Many chess players wonder how different rating systems map to each other. There is a common idea that it’s impossible to map the ratings because they are different pools of players and different time controls. You can also argue that playing OTB is much different than playing online. These are valid points, but we can still look at how the ratings compare to give chess players a guide as to where they stand in different rating pools. This post will explain how we create our Rating Comparisons.
Gather Data Sources
First, we download all of the ratings for players in our database. This includes USCF, FIDE, Chess.com, and Lichess ratings. Jesse pulls API data from lichess and Chess.com, and Matt downloads the latest rating supplements for USCF and FIDE.
We will use the Chess.com blitz vs. USCF ratings as an example for the remaining steps.
Subset The Data
Players In Both Rating Pools
Next, we find all players from our sources with a chess.com username and a USCF rating ID. This is our widest net on all possible players eligible for the comparison.
Recent Non-Provisional Players
We don’t want to include players that have only played a handful of games. We would also like to exclude anyone who last played long ago. To handle this for online ratings, we subset only players with RD < 150. See the Chess Ratings post for more information on RD values and how ratings work.

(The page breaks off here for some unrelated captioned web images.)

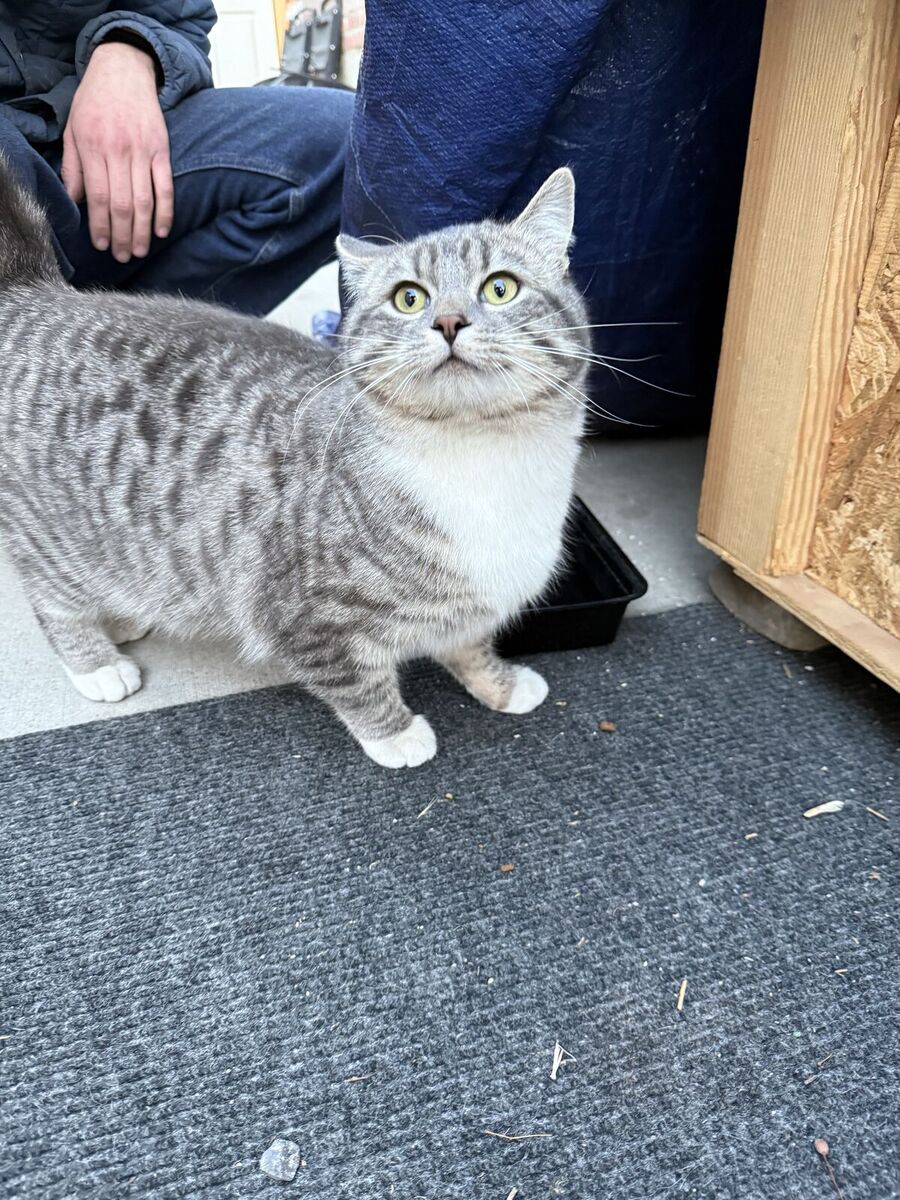 “Stray” grey cat - very friendly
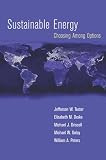 Sustainable Energy: Choosing Among Options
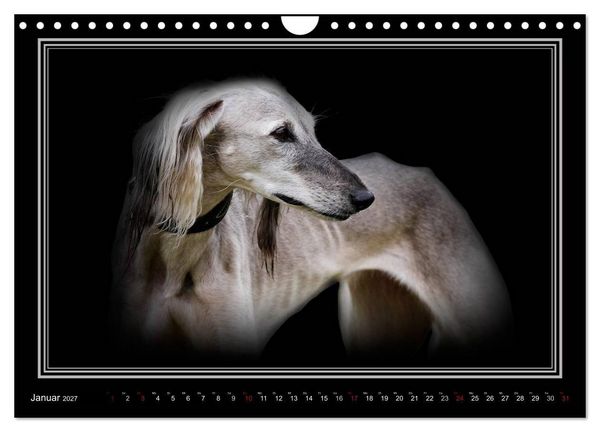Produktbild: Saluki 2027 (Wandkalender 2027 DIN A4 quer), CALVENDO Monatskalender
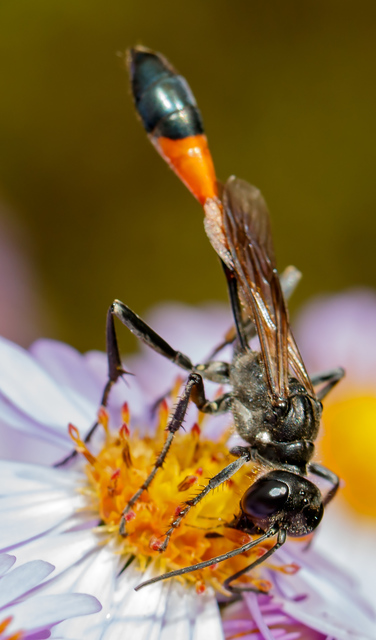Ammophila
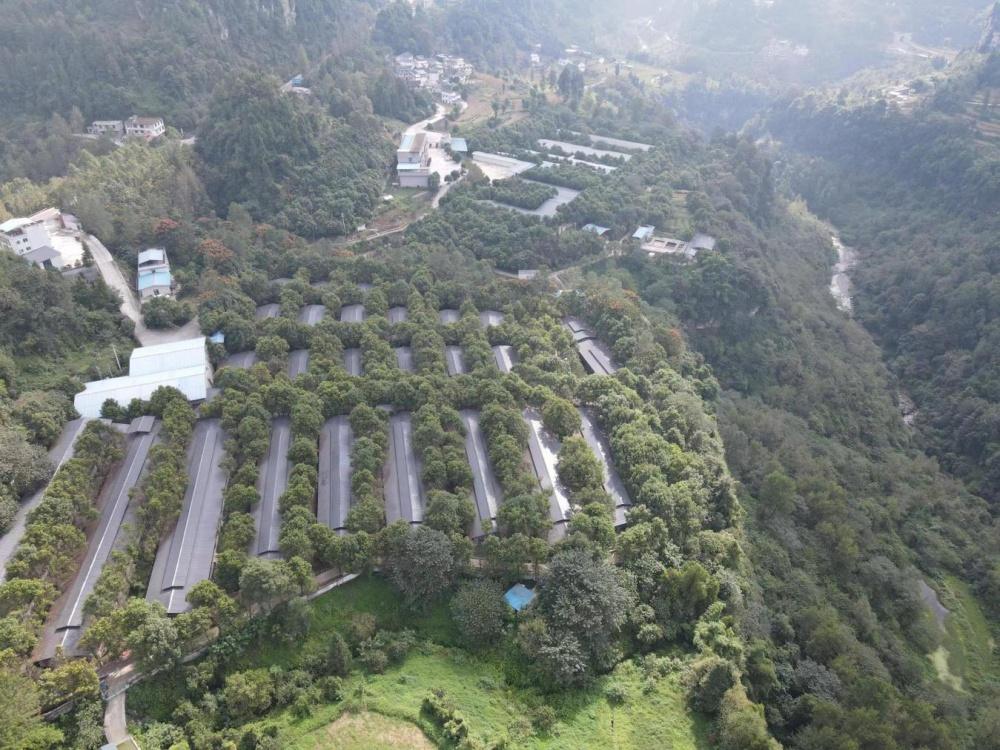 中信集团定点帮扶地区，如何实现全产业链风险管理？  第2张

There will be some errors and abnormalities in the data that we need to check for. After hand-verifying some of the egregious values, we are left with a pretty clean set of players to analyze.
Rank The Data
Now that we have a pretty clean set of data based on players in both rating pools, we rank them individually to help remove the noise. Here’s an example of the input data and the ranked data. Notice how the 1100 and 1150 USCF values swap places, so both are ranked low to high.
This gives us a very smooth line to map the two rating systems. We also estimate each player’s rating based on the ranked data, which will later be used for the +/- values.

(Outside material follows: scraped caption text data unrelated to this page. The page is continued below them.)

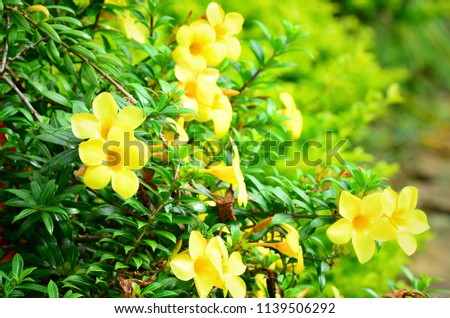 Yellow Jessamine flower, a early-blooming vine with bright, funnel-shaped flowers. It grows beautifully over fences, walls and trellises. Royalty-Free Stock Photo #1139506292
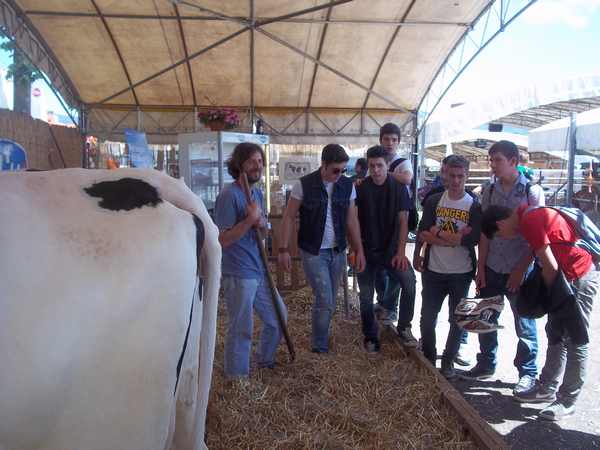 Borgo. Tanti ragazzi all'inaugurazione della Fiera Agricola. Info...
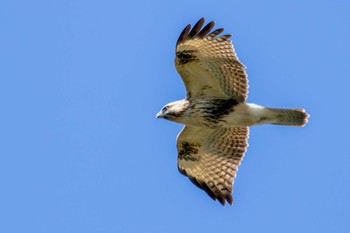 Eastern Buzzard 部崎灯台 Wed, 10/19/2022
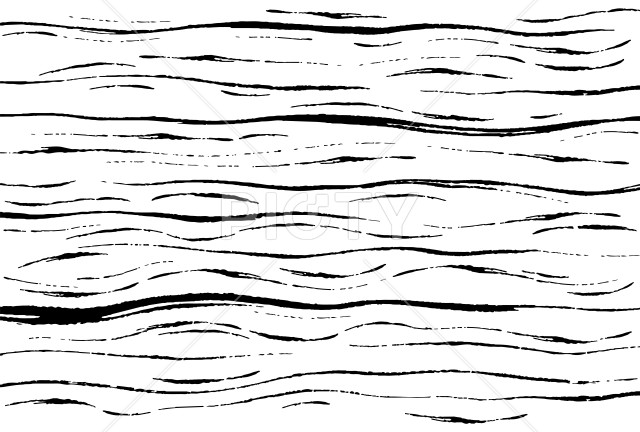 写真のタイトルが入ります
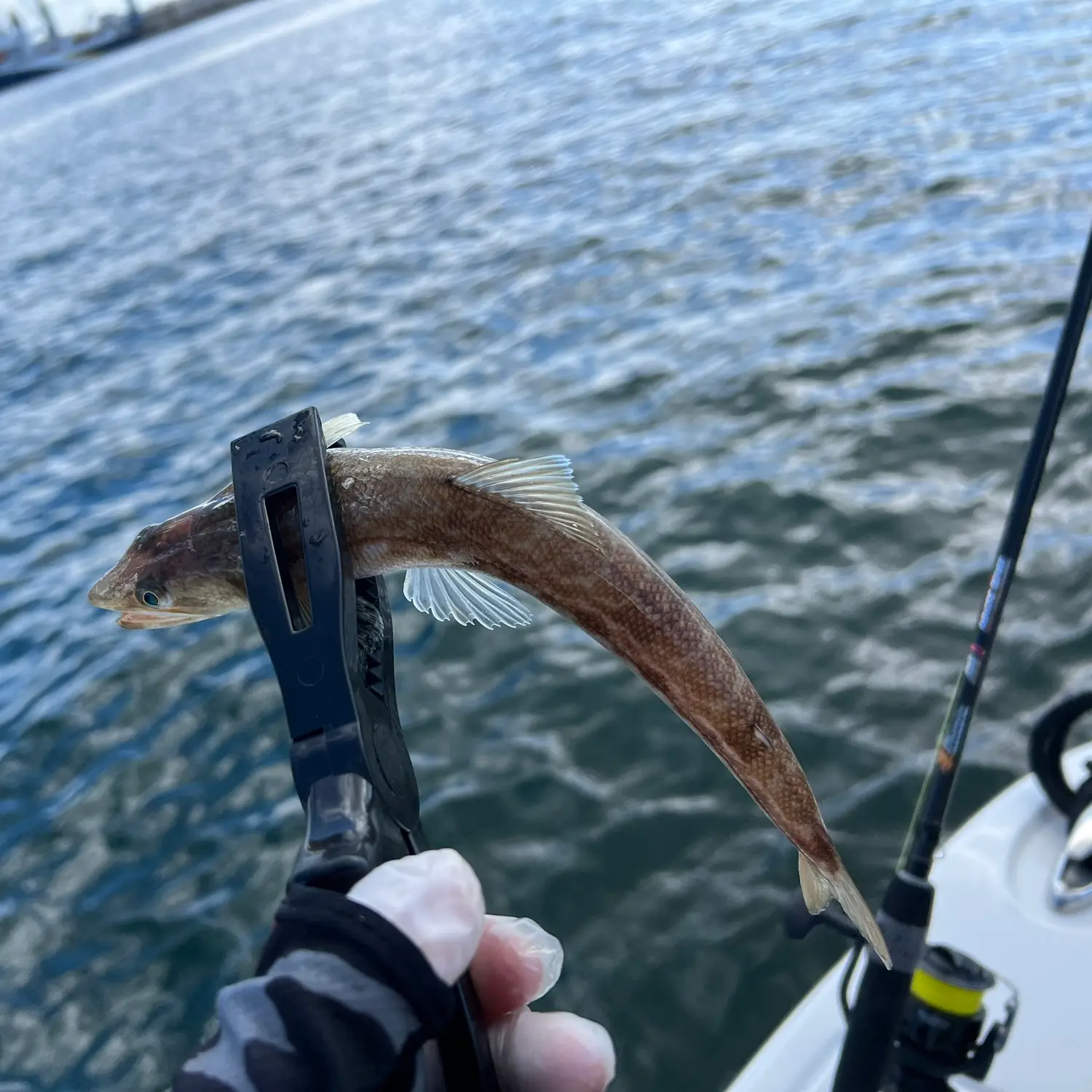 California Lizardfish - Pier Fishing in California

In the comparison table, we create values every 50-100 points for Chess.com blitz and look up the corresponding USCF rating in the ranked data.
Residuals +/- Values
The final step is to determine how certain we are in these predictions. We take the chess.com rating for each player and align it with the corresponding USCF rating in the ranked data.
Next, we take the difference between the predicted USCF rating and the actual USCF rating. Here’s an example of the distribution between predicted and actual. This histogram happens to be for blitz and bullet, but we can see most values are centered at the predicted value, and an equal but decreasing number of players fall into the bins as we move left and right.
We can see how each comparison distribution looks by taking the 1st, and 3rd quartiles predicted minus actual values (residuals). I add a +/- value in the tables corresponding to one standard deviation. Here’s an example:
If your Chess.com blitz rating is 1550 and you’re wondering what an equivalent USCF rating would be, the best guess is 1540. Out of the players in our database that have both ratings, we’d expect 50% of players to be between 1540-260 (1280) and 1540+260 (1800). That’s a very big range, so that should be kept in mind when comparing these ratings. All the rating comparisons have 50% of players falling between 75 and 130 points.